Uses the prepared [melspectrograms](https://librosa.github.io/librosa/generated/librosa.feature.melspectrogram.html) and [Mel-frequency cepstral coefficients (MFCCs)](https://librosa.github.io/librosa/generated/librosa.feature.mfcc.html) to train and evaluate a CNN-based classifier.

This version includes MFCCs in the feature space. Instead of adding this array as a separate input, or stacking it on top, it is simply overwrites the bottom 20 frequency bands of the spectrogram. Since they share the same `time` axis, this should be a good approach. This is also a convenient means of filtering out the lower frequencies.

This version also include Dropout(rate=0.2) after each MaxPooling layer. 

This version does **not** filter out quiet frames.

In [None]:
import pandas as pd
import numpy as np
import librosa as lr
from librosa.display import specshow
from glob import glob
import os
from IPython.display import Audio
from matplotlib import pyplot as plt
from tqdm import tqdm
from sklearn.model_selection import StratifiedShuffleSplit, train_test_split
from sklearn.preprocessing import LabelEncoder
from sklearn.linear_model import LinearRegression
from sklearn.metrics import accuracy_score, confusion_matrix
import keras
from keras.callbacks import ModelCheckpoint
from keras.layers import Conv2D, MaxPooling2D, GlobalAveragePooling2D, Dropout
from keras.layers import Dropout, Flatten, Dense
from keras.models import Sequential

## Data Loading

In [None]:
def get_full_path(sample): return os.path.join(sounds_dir, sample['file_name'])
sounds_dir = "../input/xenocanto-avian-vocalizations-canv-usa/xeno-canto-ca-nv/"
# sounds_dir = "../input/xeno-canto-ca-nv/"

melspec_dir = "../input/avian-vocalizations-melspectrograms-log-norm/"
melspec_features_dir = melspec_dir + "/melspectrograms_logscaled_normalized/features"

df = pd.read_csv("../input/xenocanto-avian-vocalizations-canv-usa/xeno-canto_ca-nv_index.csv", index_col='file_id' )
display(df.head(2))
# df = pd.read_csv("../input/xeno-canto_ca-nv_index.csv")
files_list = glob(os.path.join(sounds_dir,"*.mp3"))
print("%i mp3 files in %s"%(len(files_list), sounds_dir))
print("%i samples in index."%len(df))


In [None]:
shapes_df = pd.read_csv("../input/avian-vocalizations-spectrograms-and-mfccs/feature_shapes.csv",index_col=0 )
display(shapes_df.head(2))

In [None]:
train_df = pd.read_csv("../input/avian-vocalizations-partitioned-data/train_file_ids.csv",index_col=0)
display("Training data:",train_df.head(2))

In [None]:
test_df = pd.read_csv("../input/avian-vocalizations-partitioned-data/test_file_ids.csv",index_col=0)
display("Test data:",test_df.head(2))

In [None]:
import re
def parse_shape(shape_str):
    """Shape was saved in feature_shapes as a string.

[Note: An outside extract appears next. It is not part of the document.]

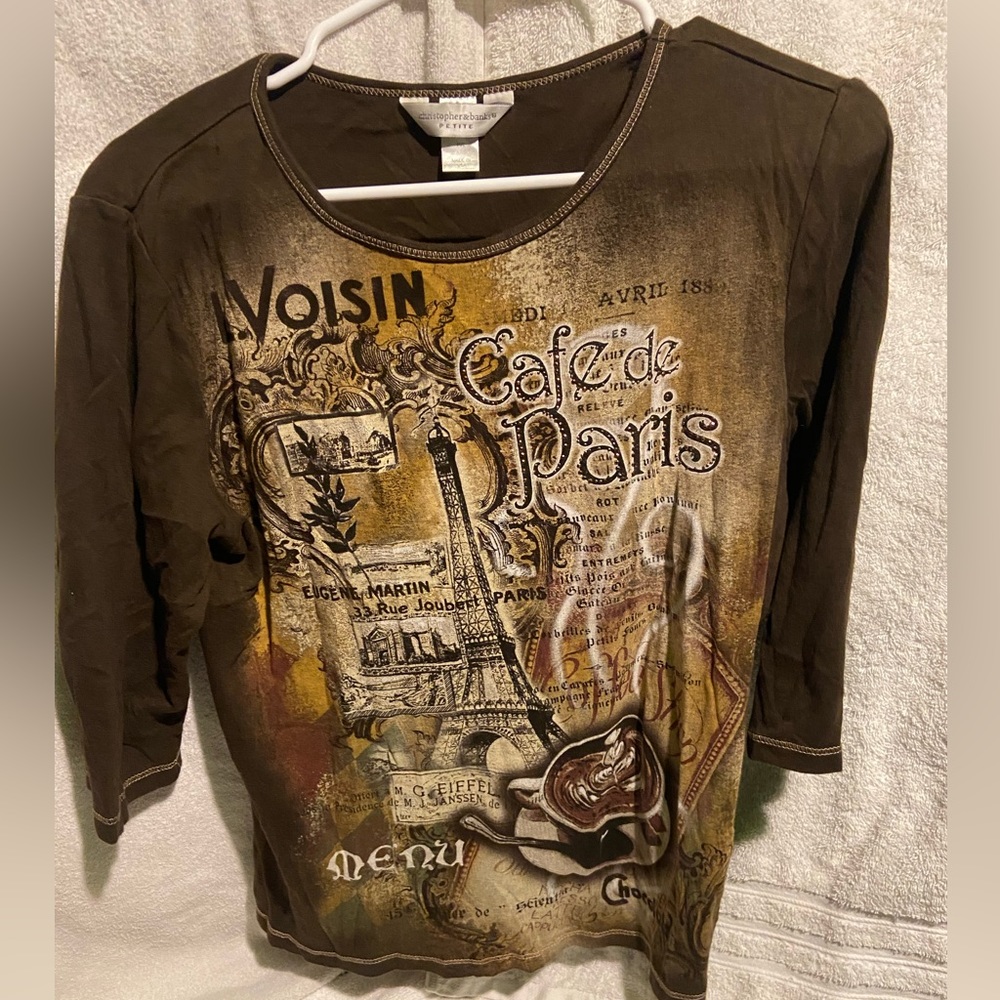 Christoper banks Petite Large Shirt Brown Paris Shirt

Woops. Parse out the values. """
    a,b = re.search('\((\d+), (\d+)\)',shape_str).groups()
    return int(a), int(b)

def log_clipped(a):
    """Convenience function to clip the input to positive values then return the log.""" 
    return np.log(np.clip(a,.0000001,a.max()))

In [None]:
# def get_ids(generator, batch_number, batch_index):
#     idxs = generator.indexes[
#         batch_number*generator.batch_size+batch_index:(batch_number+1)*generator.batch_size]
#     return [generator.list_IDs[k] for k in idxs]
# def show_batch_item(generator, batch_number, batch_index):
#     X_batch, y_batch = generator.__getitem__(batch_number)
#     ids = get_ids(generator, batch_number, batch_index)
#     file_id = X_train[ids[batch_index]]
#     sg = X_batch[batch_index].reshape(generator.dim)
# #     mm_scaled_log_sg = np.memmap('features/XC%s_log_scaled_melspectrogram.dat'%file_id))
# #     specshow(mm_scaled_log_sg, x_axis='time', y_axis='mel' )
# #     specshow(np.log(np.clip(sg,.0000001,sg.max())), x_axis='time', y_axis='mel' )
#     specshow(sg, x_axis='time', y_axis='mel' )
# #     specshow(mfcc, x_axis='time', y_axis='mel' )
#     sample = df[df.file_id==file_id].to_dict(orient='records')[0]
#     print(file_id,label_encoder.classes_[y_train[ids][batch_index]],
#           "contributed by",sample['recordist'], sample['recordist_url'])
#     species_name = sample['english_cname']
#     plt.title(species_name+" - "+sample['file_name'])
#     plt.colorbar()
#     plt.show()
#     wav, sr = lr.load(get_full_path(sample))
#     return Audio(wav, rate=sr)

In [None]:
y_english_labels_entire_dataset = [s['english_cname'] for i,s in df.iterrows()]
label_encoder = LabelEncoder().fit(y_english_labels_entire_dataset)
n_classes = len(label_encoder.classes_)

# X_train, X_test, y_train, y_test = train_test_split(
#     np.array([s['file_id'] for i,s in df.iterrows()]), 
#     y_encoded_entire_dataset, 
#     test_size=1/3, 
#     stratify=y_encoded_entire_dataset, 
#     shuffle=True, 
#     random_state=37,
# )
X_train = list(train_df.index)
y_train = list(train_df.label)
print("Training data len:",len(X_train), len(y_train))
X_test = list(test_df.index)
y_test = list(test_df.label)
print("Test data len:    ",len(X_test), len(y_test))

In [None]:
# print('Training File IDs: \n['+', '.join([str(x) for x in X_train])+']')

In [None]:
# print('Test File IDs: \n['+', '.join([str(x) for x in X_test])+']')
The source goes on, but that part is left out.